Я вспомнил автора той раздразнившей меня статьи, бледного, укачанного в доску, после «экскурсионного» погружения на аппарате «Пайсис» на глубину, измеряемую в сантиметрах. (Человек, погружающийся под воду в любой автономной системе жизнеобеспечения, не подвергается тем опасностям, которые подстерегают водолаза.)
– Ну что, дружище, хвастанул харчем? – шутили «пайсисушники»… – Ничего, бывает. Это только на малых глубинах укачивает, как на поверхности, а чем ниже, тем спокойнее и тише…
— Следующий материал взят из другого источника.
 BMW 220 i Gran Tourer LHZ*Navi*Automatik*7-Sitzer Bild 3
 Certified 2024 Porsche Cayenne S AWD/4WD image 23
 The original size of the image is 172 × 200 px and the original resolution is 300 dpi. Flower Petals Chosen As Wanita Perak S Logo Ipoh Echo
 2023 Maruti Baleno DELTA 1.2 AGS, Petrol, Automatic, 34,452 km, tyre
Автор знал человека, о котором писал, но, по-видимому, просто по небрежности или из-за отсутствия способности оценить поступок не указал его фамилию. Вот мне и захотелось заполнить этот пробел, вернувшись для этого теперь уже в далекий 1974 год. В ту зимнюю экспедицию, когда мы были настолько же моложе, насколько отчаяннее и безрассуднее. Я неплохо знал этого человека, и мне памятен тот день, когда он погрузился на 96 метров, конечно же нарушая всевозможные инструкции: не рекомендующие в зимних условиях погружаться под лед по одному (есть даже такая графа в бухгалтерских ведомостях: «Оплата за стесненные условия труда». В данном случае это работа подо льдом. Это вам не лето красное, случись что, где попало не вынырнешь. Нужно искать майну, пробитую во льду, а это не так просто. Водолазы в шутку называют деньги, полученные за работу в таких условиях, «гробовыми»), конечно же рискуя собой, конечно же… Много можно привести этих конечно.
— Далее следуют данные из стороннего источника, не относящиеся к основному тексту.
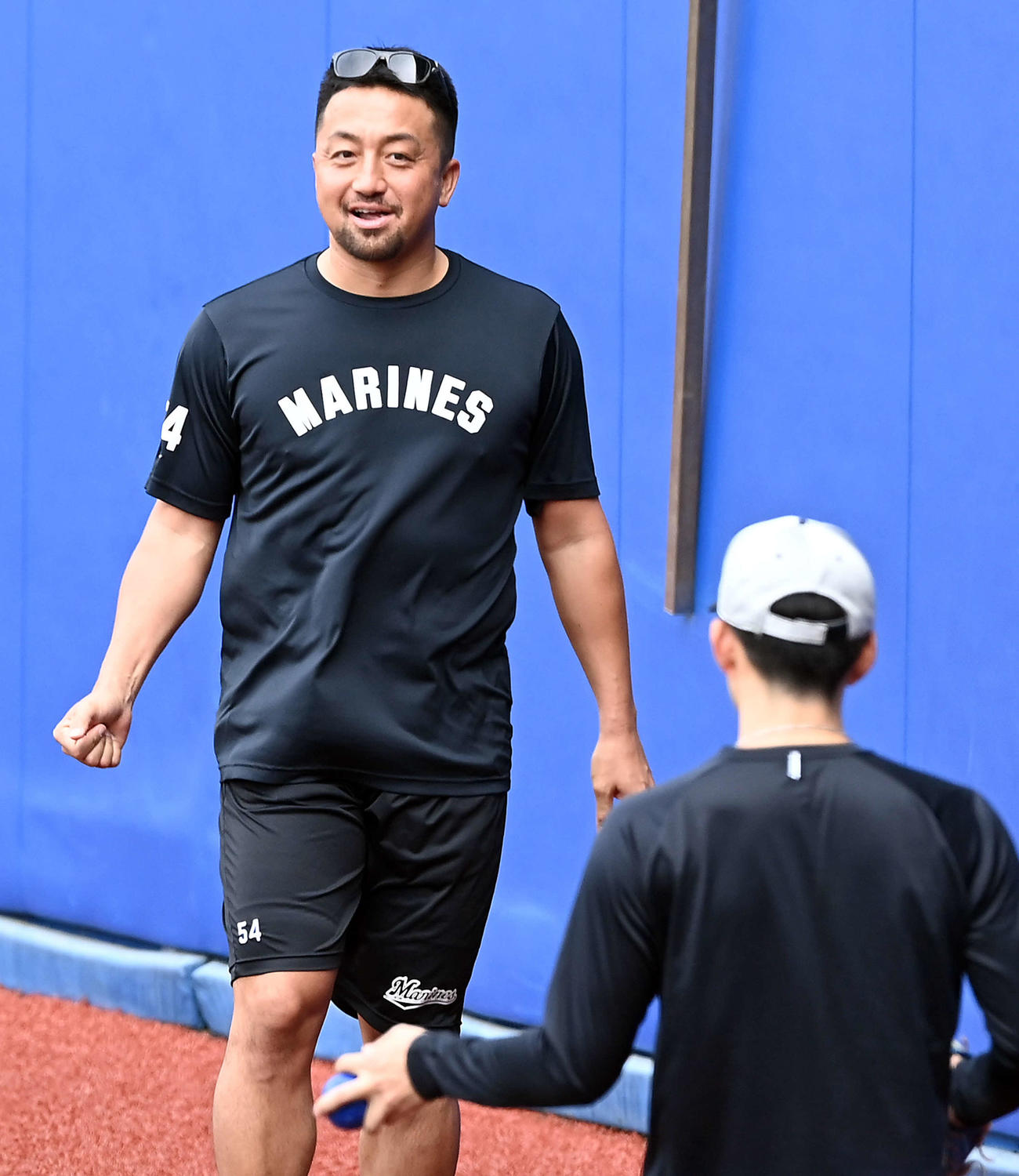ロッテ対巨人　ばっさりと髪を切ったロッテ沢村（撮影・たえ見朱実）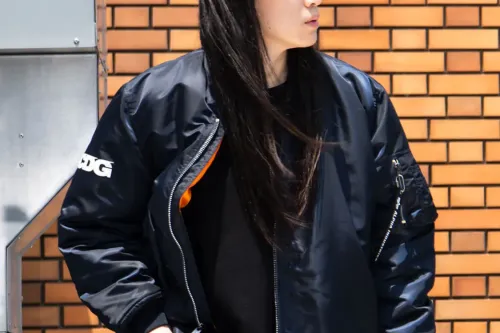 CDG 与 Alpha Industries 以全新海军蓝斜裁设计重塑 MA-1 联乘系列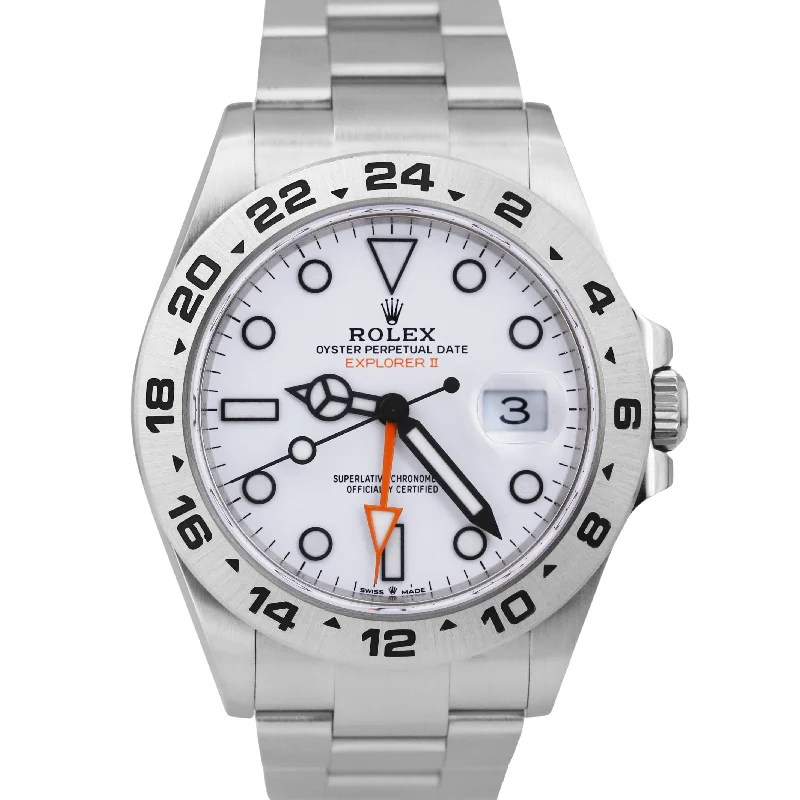 Unisex silver metal watches-MINT 2022 Rolex Explorer II 42mm POLAR WHITE Stainless Steel GMT Date 226570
Я вам расскажу о первом байкальском водолазе. Человеке храбром и знающем цену своей храбрости. Многие утверждали, что он высокомерен, но вряд ли говорившие знали его достаточно хорошо.
Николай Резинков приехал на Байкал из Харькова по приглашению профессора М. М. Кожова. Организовал первую на Байкале водолазную станцию. Было это в году шестьдесят третьем… С тех пор, собственно, и начались регулярные гидробиологические исследования Байкала с применением акваланга.
Я познакомился с Колей в 1973 году. А уже через год работал вместе с ним в составе первой комплексной зимней экспедиции, в задачи которой входило многоплановое изучение подводного каньона в районе деревни Большие Коты.
Каньон этот мы назвали «Жилище». Во-первых, потому что обживали его. Во-вторых, потому что на глубине пятнадцати метров в этом каньоне действительно находилось жилище – сварной металлический домик типа «колокол» с несколькими иллюминаторами. В нем можно было отдохнуть и отогреться после работы в воде.
Об одном дне этой экспедиции и пойдет речь.
Метрах в трехстах от берега расположились на льду Байкала три наших вагончика: большой – жилой, поменьше – водолазный, с люком в полу, и третий, самый маленький – с передвижной электростанцией. Лед прозрачный, кажущийся от этого очень тонким и хрупким. И никакие разговоры о его метровой толщине и прочности не убеждают в этом до тех пор, пока сам не начинаешь пешней долбить майну (примерно полтора на полтора метра) для подводных погружений. После таких упражнений ощущение зыбкости льда проходит. И тебя уже не удивляет и, самое главное, не волнует, что вагончики стоят так далеко от берега, что под ними километровая глубина.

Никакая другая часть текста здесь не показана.